BEGIN INFORMATION SUPPLIED

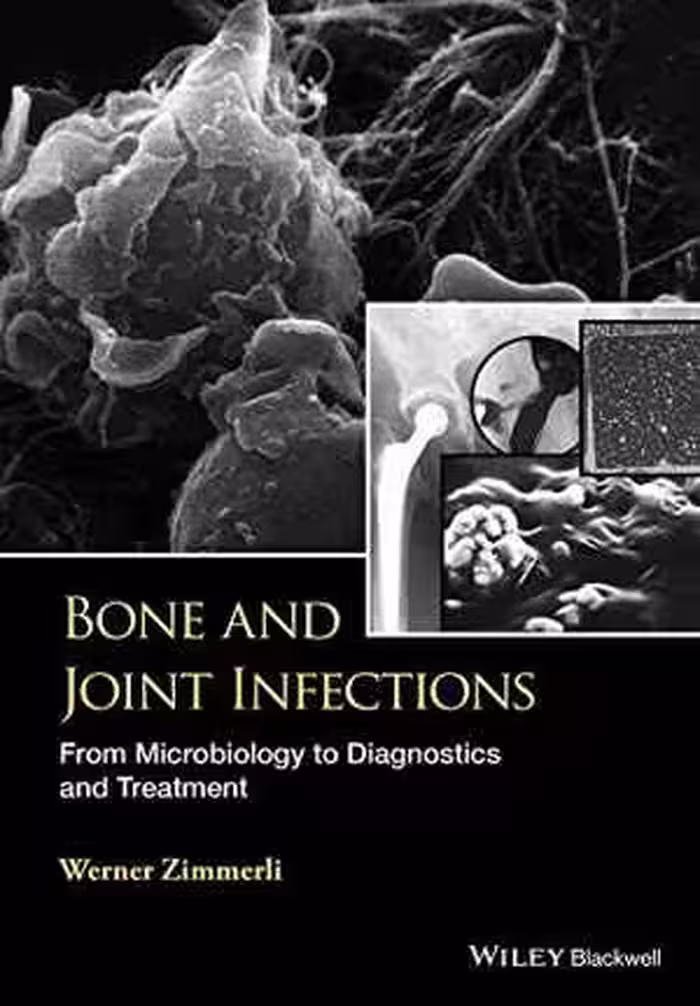 [PDF] دانلود کتاب Bone And Joint Infections - From Microbiology To Diagnostics And Treatment, 2015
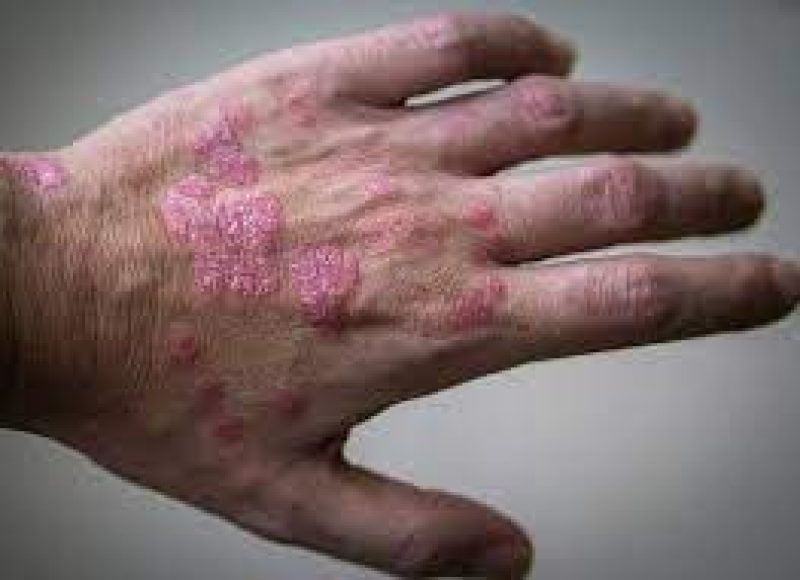 psoriasis-da0b68fa6e9691095b2851a9191f82c71704160713.jpeg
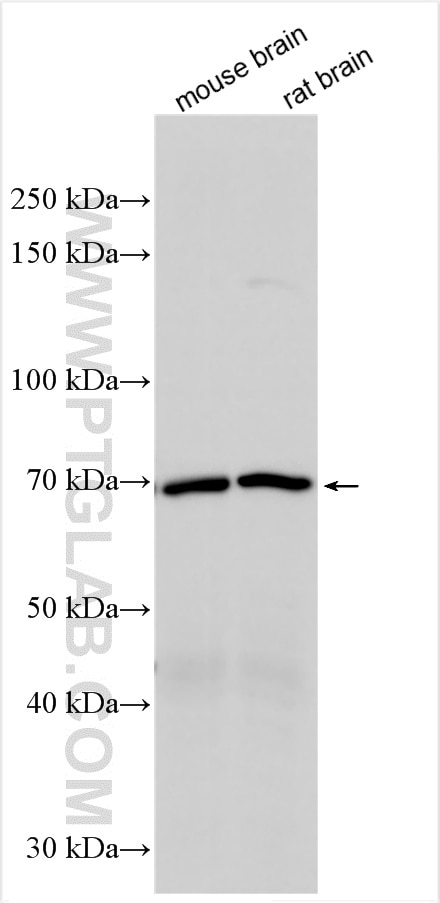 Western Blot (WB) analysis of various lysates using VAChT Polyclonal antibody (27303-1-AP)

END INFORMATION SUPPLIED

# WHAT YOU ARE ASKED TO DO
Your copy should begin at the line containing "psoriasis-da0b68fa6e9691095b2851a9191f82c71704160713.jpeg" and end at the last line of the data above, matching each line exactly and holding no pictures.

# COMPLETED EXERCISE
 psoriasis-da0b68fa6e9691095b2851a9191f82c71704160713.jpeg
 Western Blot (WB) analysis of various lysates using VAChT Polyclonal antibody (27303-1-AP)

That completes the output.